Thanks so much for the feedback, yes, I am being very strong and enthusiastic whilst with her and trying to get her excited about it all. I was in there during nap time and the kids are like clockwork, they all had their lunch at 11.30-12.15 and then went over to the mats and fell asleep one by one! It was amazing. Unfortunately, my LO fell asleep in the arms of one of the staff earlier in the morning so didn't nap with the rest of the kids so I've asked them to try and keep her awake so she falls into the same nap time as everyone else. In my heart, I do feel she'll come through it but it's just stressful going through it!

OP posts:
Tootingbec · 30/06/2010 14:31

Hi

I have just been through what you are going through. My DD of 14 months has been going to nursery for 2 full days a week since the end of April and I would leave her crying her eyes out and the staff would say she had been upset in the morning etc etc.

Just to reassure you, at some point they do turn a corner. Over the past few weeks it has got easier and easier to leave her because she is starting to settle. This week she barely even registered that I was leaving the room when I dropped her off and the staff say she is really enjoying herself now.

So, please take heart that it might take a few weeks but it will get better. Also, the nursery staff are used to upset children so they won't tell you off if she crys for the first few weeks!

JaiD · 30/06/2010 19:09

Thanks so much, even though I kind of knew that she's not the only child going through this and I'm not the only parent going through this, it's so reassuring to hear positive stories. My hubby doesn't seem to understand how difficult this is for me and for her and I sometimes think there's no point in trying to explain! Tootingbec, do you live in Tooting Bec? I am in Tooting Broadway!

OP posts:
Christina01 · 21/04/2011 12:05

I am going through this same thing with my son. I am so upset. He had his second settling in this week and cried the whole time through. They too said he sounds more angry than truly upset but it still breaks my heart. the nursery has a webcam so i watch from the reception upstairs and i can see him kicking his little legs and crying and crying and i just dont know what to do. he will be one year old in a week. have i started too early?

TheVisitor · 21/04/2011 12:08

It can take up to 6 weeks, sometimes more, for a baby to settle in nursery.

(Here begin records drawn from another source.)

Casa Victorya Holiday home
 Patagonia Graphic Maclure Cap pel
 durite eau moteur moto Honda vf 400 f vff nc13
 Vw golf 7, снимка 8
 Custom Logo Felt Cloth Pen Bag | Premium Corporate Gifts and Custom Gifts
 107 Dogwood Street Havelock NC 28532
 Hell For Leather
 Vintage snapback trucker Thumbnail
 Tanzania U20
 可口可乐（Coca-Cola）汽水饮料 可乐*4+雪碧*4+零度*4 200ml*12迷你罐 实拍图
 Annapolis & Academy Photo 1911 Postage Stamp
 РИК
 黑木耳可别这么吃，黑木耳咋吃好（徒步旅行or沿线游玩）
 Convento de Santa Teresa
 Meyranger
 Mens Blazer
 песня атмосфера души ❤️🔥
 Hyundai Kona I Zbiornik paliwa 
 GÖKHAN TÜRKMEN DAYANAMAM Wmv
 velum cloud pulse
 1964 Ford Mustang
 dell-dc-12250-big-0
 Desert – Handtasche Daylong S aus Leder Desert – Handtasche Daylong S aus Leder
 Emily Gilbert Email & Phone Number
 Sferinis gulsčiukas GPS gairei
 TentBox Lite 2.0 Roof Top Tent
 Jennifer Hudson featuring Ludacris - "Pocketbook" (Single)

It will happen and she'll be fine.

princesbold · 10/05/2011 17:47

Settling in periods should not be set by your nursery, it takes as long as it takes and a good nursery operator will not charge for this period, it can take six weeks or more, and sometimes you may find you will have to consider an alternative as some children will just never be happy, happiness is the most important thing for your child.

MrsNursery · 14/05/2011 00:58

I assure you things will get better! as a mum of four boys who used/uses nurseries and a Previous Nursery Manager I can HONESTLY comment from both sides, children are so resilient and if you are happy you have made the right choice then stick with it, the nursery staff are well equipped to deal with new children and should support you all the way, at first your daughter probably won't sleep the same as at home, this is normal, it's a completely different environment and slightly noisier than at home, she will of course be upset and the nursery should have asked you her likes/dislikes so thay can distract her when she becomes unsettled, maybe a toy from home she can find comfort in or a certain song you sing that her key person can sing so its familiar, It will get better and it's great that you have given a few weeks to get her settled before your RTW, before you know it she will be enjoying nursery, each child is different but there are children attending nursery each day who went through the same and are now settled, reassure yourself by looking at the other children in her room and if they happy and content maybe have a little chat with their parent and ask "how long did they take to settle in" I guarantee they would have been as anxious as you, you are not alone.
I have created a free website all about childcare, I hope it helps:)
http:/www.mrs-nursery.com

Wabbit · 22/05/2011 12:40

Am I right in thinking that 'settling in' is time in the nursery with a parent or carer present?

Are nurseries OK with parents joining in for up to 6 weeks?